▶ What you need to do: Give the data again in full, without pictures.

[Short descriptive text snippets]
····················

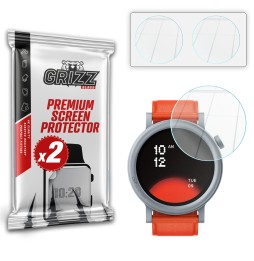 Szkło hybrydowe Grizz do CMF Watch Pro 2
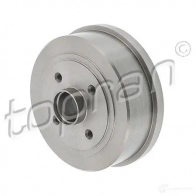 Тормозной барабан TOPRAN Opel Corsa (C) 3 Хэтчбек 1.3 CDTI (F08. F68) 70 л.с. 2003 – 2009 71X J6 206492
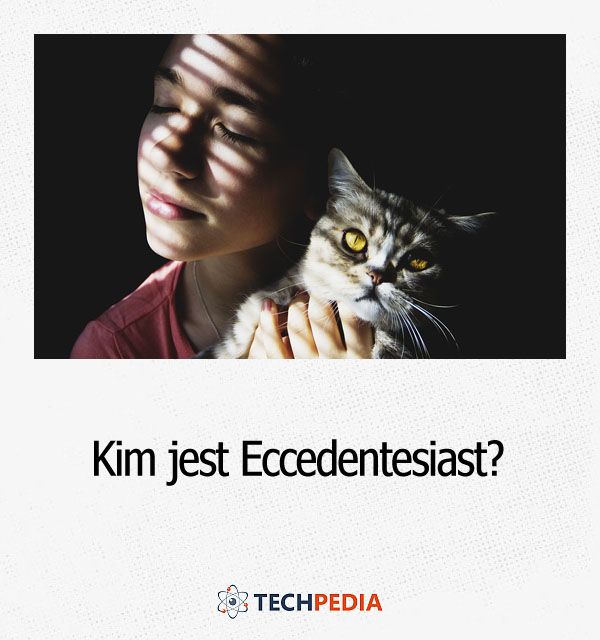 Kim jest Eccedentesiast?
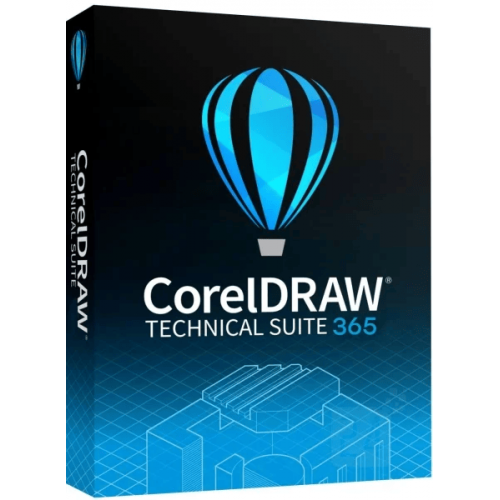 CorelDraw Technical Suite 365, image 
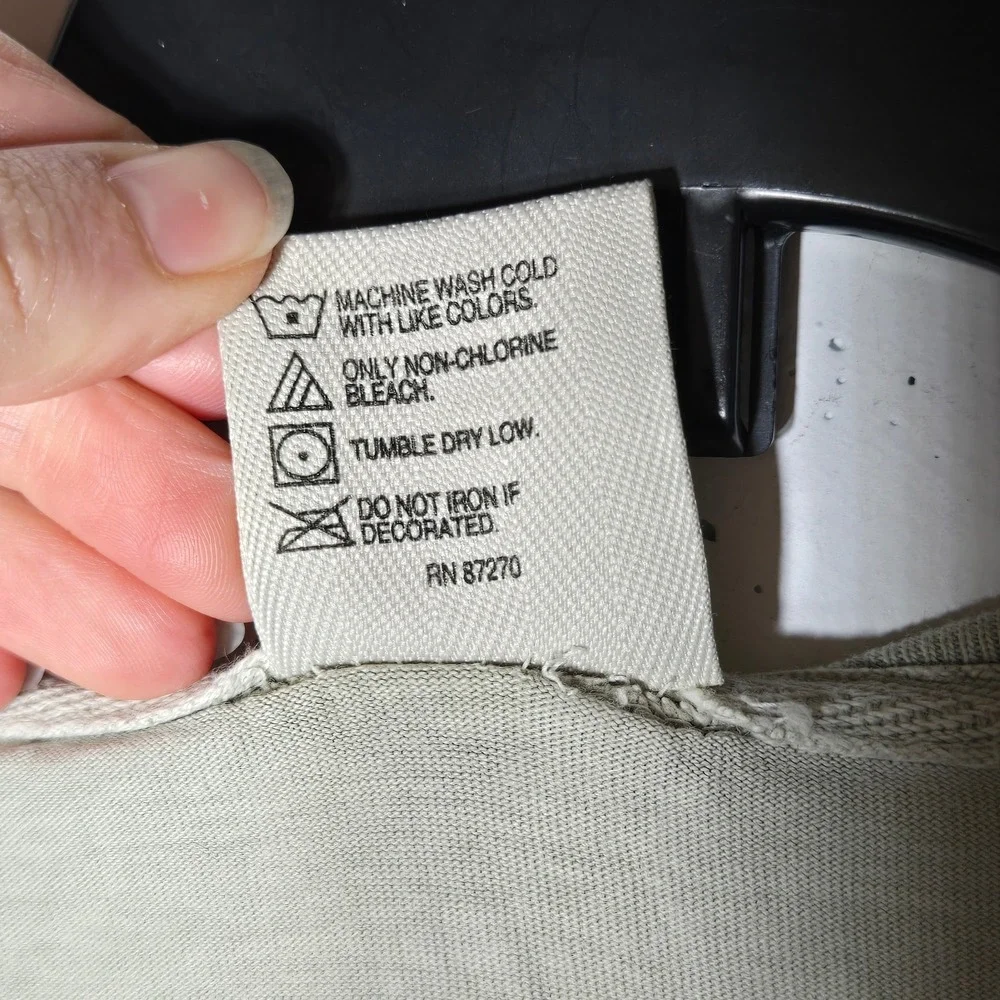 Comfort Colors Stephen Huneck Greetings Dog Graphic T-Shirt‎ Large Humor Funny - Picture 7 of 12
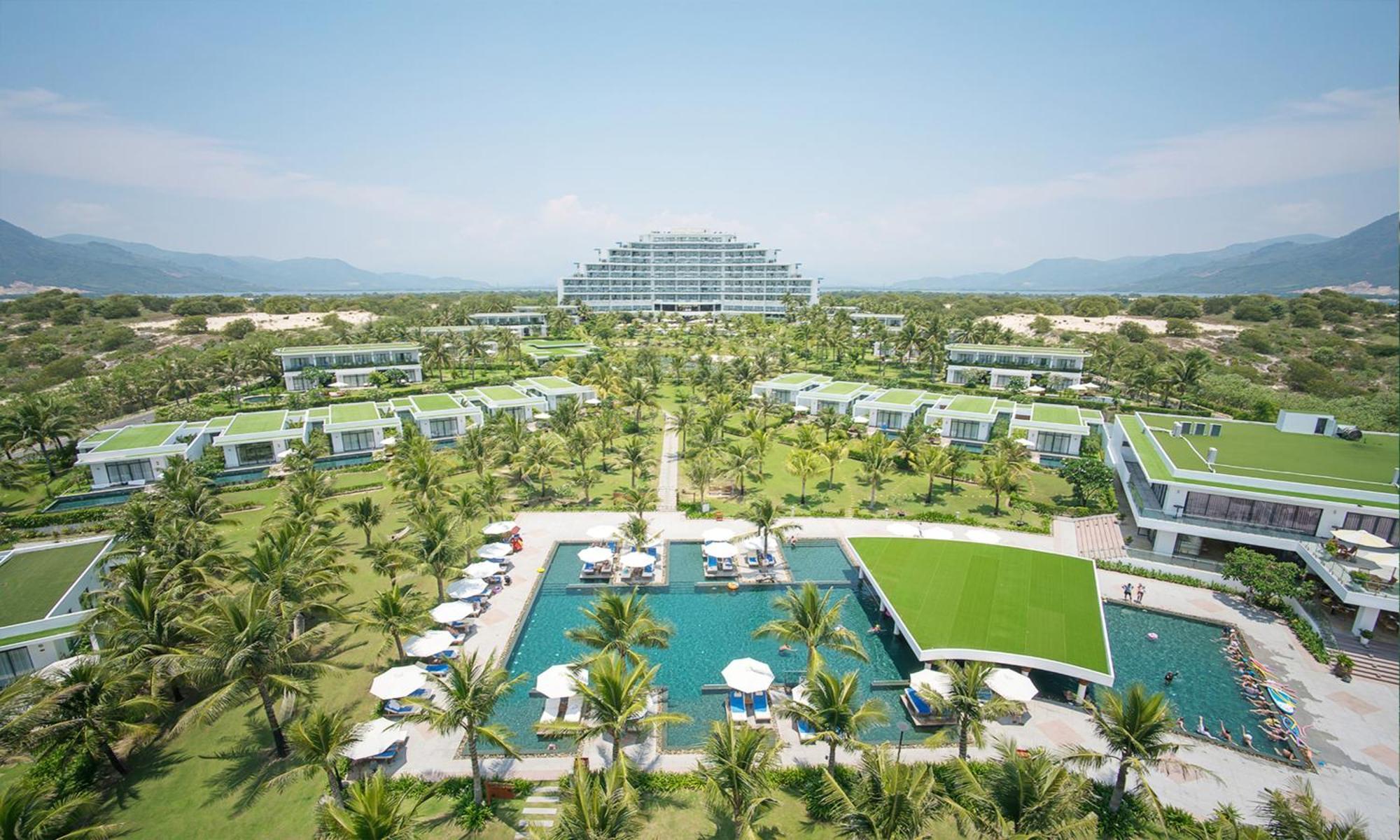 Cam Ranh Riviera Beach Resort & Spa Cam Lam Eksteriør billede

····················

▶ Solution to this problem:
 Szkło hybrydowe Grizz do CMF Watch Pro 2
 Тормозной барабан TOPRAN Opel Corsa (C) 3 Хэтчбек 1.3 CDTI (F08. F68) 70 л.с. 2003 – 2009 71X J6 206492
 Kim jest Eccedentesiast?
 CorelDraw Technical Suite 365, image 
 Comfort Colors Stephen Huneck Greetings Dog Graphic T-Shirt‎ Large Humor Funny - Picture 7 of 12
 Cam Ranh Riviera Beach Resort & Spa Cam Lam Eksteriør billede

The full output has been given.